21 February 2017

Singapore's 2017 Budget is all about managing uncertainty

Source: Singapore Budget website. View of Singapore.
Source: Singapore Budget website. View of Singapore.
The Singapore Budget 2017 was a call to reposition the country to the future at a time of deep shifts in the global economy, leading to both challenges and opportunities for Singapore. Singapore Minister for Finance Heng Swee Keat said Singapore should develop strong capabilities in both firms and workers so they can adapt to the changes in economic structures and technology.

"Digitalisation, innovation and highly skilled workers will enable cities and regions to prosper while staying open and connected to the world," he said.

Heng also called for deep partnerships domestically. "The government’s role is not to plan every move, but to forge a common understanding of the changes, and foster partnerships with businesses, unions, firms and workers, with each playing a key role. We need to pool our resources and ideas, and solve problems together. Such networks of trust will allow us to seize opportunities and respond to unexpected challenges," he noted.

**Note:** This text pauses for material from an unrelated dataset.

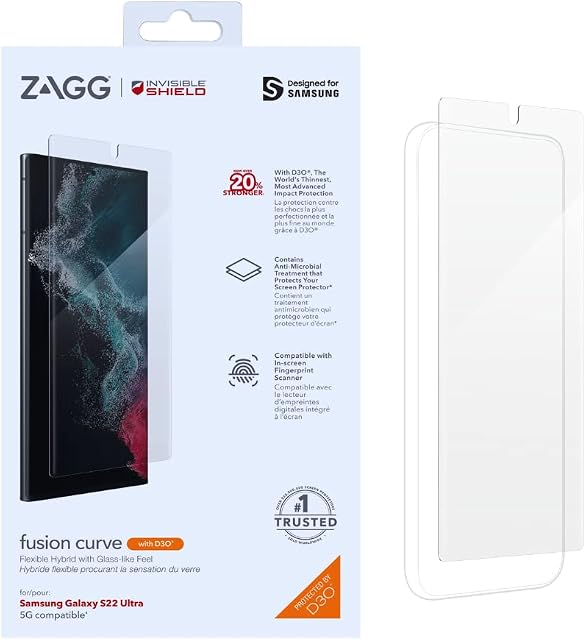 ZAGG InvisibleShield Flex Curve D3O Samsung Galaxy S22 Ultra, Shockproof, Scratch Resistant, Advanced Clarity, Smooth, Clear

Retail was singled out among the sectors that are facing structural shifts, and advised to embrace technology to help transform business models. Heng suggested retailers leverage digital capabilities to access new markets through online marketing, and e-commerce platforms.

Budget 2017
provides both near term support measures, with a targeted approach to address sector-specific needs, and also addresses the Committee on the Future Economy’s seven mutually reinforcing strategies for the medium to longer term. It includes measures to strengthen corporate capabilities, particularly in promoting digitalisation, with a new SMEs Go Digital Programme, and strengthened capabilities in data and cybersecurity.

There are also measures to promote innovation and scaling up globally, including improving access to intellectual property (IP), a new Tech Access Initiative, a new International Partnership Fund, and financing support for local companies with overseas infrastructure projects.

For employees

The Budget seeks to deepen Singaporean’s capabilities by developing a skilled and adaptable workforce, with workers that hold their own when operating overseas while also deepening existing skillsets to remain in productive jobs. A Third Enabling Masterplan will be introduced to better integrate persons with disabilities into the workforce and to give support for caregivers.

Heng said that 2017 would see increased wage and training support provided under the Career Support Programme, the Professional Conversion Programme, and the Work Trial Programme. "We will introduce an Attach and Train initiative for sectors that have good growth prospects, but where companies may not be ready to hire yet. Instead, industry partners can send participants for training and work attachments. This will increase the chances of these workers to find a job in the sector later," he added.

Employer support

For employers, Singapore's Wage Credit Scheme is to continue to help firms cope with rising wages. "We expect to pay over S$600 million to businesses this March. Roughly 70% of this amount will be to SMEs," Heng shared.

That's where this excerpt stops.